DIRECTIONS ::
Among the lines below, a stretch begins at the one with "On selecting each" and ends at the one with "Hi guys, greetings". Repeat that stretch exactly, ends included.

INPUT ::

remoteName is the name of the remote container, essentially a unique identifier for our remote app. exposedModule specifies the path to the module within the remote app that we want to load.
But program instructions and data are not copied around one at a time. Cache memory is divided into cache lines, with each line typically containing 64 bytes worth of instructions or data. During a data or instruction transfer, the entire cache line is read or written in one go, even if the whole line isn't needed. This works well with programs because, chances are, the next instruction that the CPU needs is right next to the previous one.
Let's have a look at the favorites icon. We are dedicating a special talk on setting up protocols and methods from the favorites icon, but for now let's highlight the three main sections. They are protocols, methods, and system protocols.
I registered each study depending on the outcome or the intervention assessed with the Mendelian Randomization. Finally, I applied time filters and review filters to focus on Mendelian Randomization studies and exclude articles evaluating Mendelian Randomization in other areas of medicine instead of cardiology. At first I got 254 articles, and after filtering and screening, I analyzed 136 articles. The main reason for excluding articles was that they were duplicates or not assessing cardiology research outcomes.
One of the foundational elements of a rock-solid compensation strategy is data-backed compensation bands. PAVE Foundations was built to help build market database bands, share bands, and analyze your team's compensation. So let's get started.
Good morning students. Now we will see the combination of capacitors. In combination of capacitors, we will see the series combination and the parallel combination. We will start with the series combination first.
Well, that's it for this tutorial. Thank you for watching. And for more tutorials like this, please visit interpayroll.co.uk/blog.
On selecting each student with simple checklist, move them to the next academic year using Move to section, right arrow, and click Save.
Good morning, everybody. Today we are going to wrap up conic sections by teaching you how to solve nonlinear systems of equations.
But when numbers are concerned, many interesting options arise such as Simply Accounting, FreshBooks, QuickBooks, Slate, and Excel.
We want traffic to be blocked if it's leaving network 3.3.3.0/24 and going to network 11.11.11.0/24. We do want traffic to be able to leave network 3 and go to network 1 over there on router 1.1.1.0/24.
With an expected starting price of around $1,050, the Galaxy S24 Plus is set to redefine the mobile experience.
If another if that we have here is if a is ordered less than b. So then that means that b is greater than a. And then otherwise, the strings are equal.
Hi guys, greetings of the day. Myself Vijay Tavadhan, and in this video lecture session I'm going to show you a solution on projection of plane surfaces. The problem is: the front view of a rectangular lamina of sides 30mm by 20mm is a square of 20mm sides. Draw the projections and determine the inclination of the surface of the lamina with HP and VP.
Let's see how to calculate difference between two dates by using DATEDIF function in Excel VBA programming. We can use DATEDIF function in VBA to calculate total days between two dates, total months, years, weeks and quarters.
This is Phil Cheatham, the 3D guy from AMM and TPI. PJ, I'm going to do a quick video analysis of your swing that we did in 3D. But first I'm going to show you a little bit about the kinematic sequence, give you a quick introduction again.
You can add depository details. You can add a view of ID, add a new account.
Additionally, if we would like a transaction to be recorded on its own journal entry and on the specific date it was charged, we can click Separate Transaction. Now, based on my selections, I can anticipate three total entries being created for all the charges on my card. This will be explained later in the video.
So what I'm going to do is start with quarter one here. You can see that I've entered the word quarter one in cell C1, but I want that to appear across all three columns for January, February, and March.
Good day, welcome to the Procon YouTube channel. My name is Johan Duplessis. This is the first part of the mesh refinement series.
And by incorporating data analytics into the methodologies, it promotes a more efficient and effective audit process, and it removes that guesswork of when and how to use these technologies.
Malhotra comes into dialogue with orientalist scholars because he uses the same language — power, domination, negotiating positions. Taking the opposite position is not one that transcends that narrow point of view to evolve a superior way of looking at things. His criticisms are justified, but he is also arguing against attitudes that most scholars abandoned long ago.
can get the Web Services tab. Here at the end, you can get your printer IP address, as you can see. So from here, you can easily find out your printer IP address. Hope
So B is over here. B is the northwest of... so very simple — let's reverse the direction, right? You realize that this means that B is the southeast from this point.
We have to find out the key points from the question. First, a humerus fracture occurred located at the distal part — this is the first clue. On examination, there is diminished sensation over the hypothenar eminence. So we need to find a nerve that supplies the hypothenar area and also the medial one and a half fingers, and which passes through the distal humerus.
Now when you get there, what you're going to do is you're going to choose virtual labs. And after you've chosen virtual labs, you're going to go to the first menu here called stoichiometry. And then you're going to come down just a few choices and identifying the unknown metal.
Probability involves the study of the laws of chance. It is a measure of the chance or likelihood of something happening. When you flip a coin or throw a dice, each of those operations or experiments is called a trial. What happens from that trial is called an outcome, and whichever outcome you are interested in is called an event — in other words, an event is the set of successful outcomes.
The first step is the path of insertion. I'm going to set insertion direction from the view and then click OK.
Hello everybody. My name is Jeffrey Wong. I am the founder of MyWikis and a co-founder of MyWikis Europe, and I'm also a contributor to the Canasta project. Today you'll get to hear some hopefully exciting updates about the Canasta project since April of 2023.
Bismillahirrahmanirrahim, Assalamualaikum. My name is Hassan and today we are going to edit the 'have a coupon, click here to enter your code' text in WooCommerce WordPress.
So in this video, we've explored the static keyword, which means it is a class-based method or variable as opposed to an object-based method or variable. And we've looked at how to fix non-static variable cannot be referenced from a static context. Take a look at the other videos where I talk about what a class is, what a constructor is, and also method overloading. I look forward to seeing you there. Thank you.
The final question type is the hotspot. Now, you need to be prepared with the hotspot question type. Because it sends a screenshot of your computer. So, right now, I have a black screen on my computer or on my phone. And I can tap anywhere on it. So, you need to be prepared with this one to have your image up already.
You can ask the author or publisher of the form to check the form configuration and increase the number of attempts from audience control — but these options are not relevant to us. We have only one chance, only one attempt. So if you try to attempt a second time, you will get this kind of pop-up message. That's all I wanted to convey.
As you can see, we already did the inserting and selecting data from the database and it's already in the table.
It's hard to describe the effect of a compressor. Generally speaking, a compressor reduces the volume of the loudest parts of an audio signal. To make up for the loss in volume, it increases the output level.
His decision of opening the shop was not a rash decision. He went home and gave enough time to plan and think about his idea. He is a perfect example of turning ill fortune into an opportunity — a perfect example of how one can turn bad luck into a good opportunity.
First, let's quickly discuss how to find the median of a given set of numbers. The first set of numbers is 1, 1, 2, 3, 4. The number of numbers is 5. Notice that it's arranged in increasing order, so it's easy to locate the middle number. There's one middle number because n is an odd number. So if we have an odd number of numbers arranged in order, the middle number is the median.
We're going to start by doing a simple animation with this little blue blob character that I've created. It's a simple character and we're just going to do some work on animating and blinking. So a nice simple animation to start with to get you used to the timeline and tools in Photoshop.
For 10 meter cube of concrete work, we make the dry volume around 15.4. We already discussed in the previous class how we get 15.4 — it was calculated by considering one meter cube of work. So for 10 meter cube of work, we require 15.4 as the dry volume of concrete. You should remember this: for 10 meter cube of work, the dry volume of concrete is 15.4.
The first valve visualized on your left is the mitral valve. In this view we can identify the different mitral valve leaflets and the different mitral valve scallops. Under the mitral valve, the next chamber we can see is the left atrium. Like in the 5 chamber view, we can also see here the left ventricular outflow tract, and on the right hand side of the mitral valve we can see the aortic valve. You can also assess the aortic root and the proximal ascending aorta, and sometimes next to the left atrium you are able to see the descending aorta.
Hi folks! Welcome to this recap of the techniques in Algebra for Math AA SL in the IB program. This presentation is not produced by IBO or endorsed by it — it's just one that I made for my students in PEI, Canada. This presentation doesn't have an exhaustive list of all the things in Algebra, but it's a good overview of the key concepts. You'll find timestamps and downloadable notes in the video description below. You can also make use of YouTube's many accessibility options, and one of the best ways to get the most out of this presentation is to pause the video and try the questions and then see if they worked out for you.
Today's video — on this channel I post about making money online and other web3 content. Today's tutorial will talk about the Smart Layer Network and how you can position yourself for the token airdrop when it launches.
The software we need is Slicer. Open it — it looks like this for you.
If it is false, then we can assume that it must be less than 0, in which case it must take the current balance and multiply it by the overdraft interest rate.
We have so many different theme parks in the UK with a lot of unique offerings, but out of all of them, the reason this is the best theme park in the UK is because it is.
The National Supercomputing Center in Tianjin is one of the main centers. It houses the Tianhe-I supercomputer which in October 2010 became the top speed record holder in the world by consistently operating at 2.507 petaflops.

SOLUTION TO THIS TASK ::
On selecting each student with simple checklist, move them to the next academic year using Move to section, right arrow, and click Save.
Good morning, everybody. Today we are going to wrap up conic sections by teaching you how to solve nonlinear systems of equations.
But when numbers are concerned, many interesting options arise such as Simply Accounting, FreshBooks, QuickBooks, Slate, and Excel.
We want traffic to be blocked if it's leaving network 3.3.3.0/24 and going to network 11.11.11.0/24. We do want traffic to be able to leave network 3 and go to network 1 over there on router 1.1.1.0/24.
With an expected starting price of around $1,050, the Galaxy S24 Plus is set to redefine the mobile experience.
If another if that we have here is if a is ordered less than b. So then that means that b is greater than a. And then otherwise, the strings are equal.
Hi guys, greetings of the day. Myself Vijay Tavadhan, and in this video lecture session I'm going to show you a solution on projection of plane surfaces. The problem is: the front view of a rectangular lamina of sides 30mm by 20mm is a square of 20mm sides. Draw the projections and determine the inclination of the surface of the lamina with HP and VP.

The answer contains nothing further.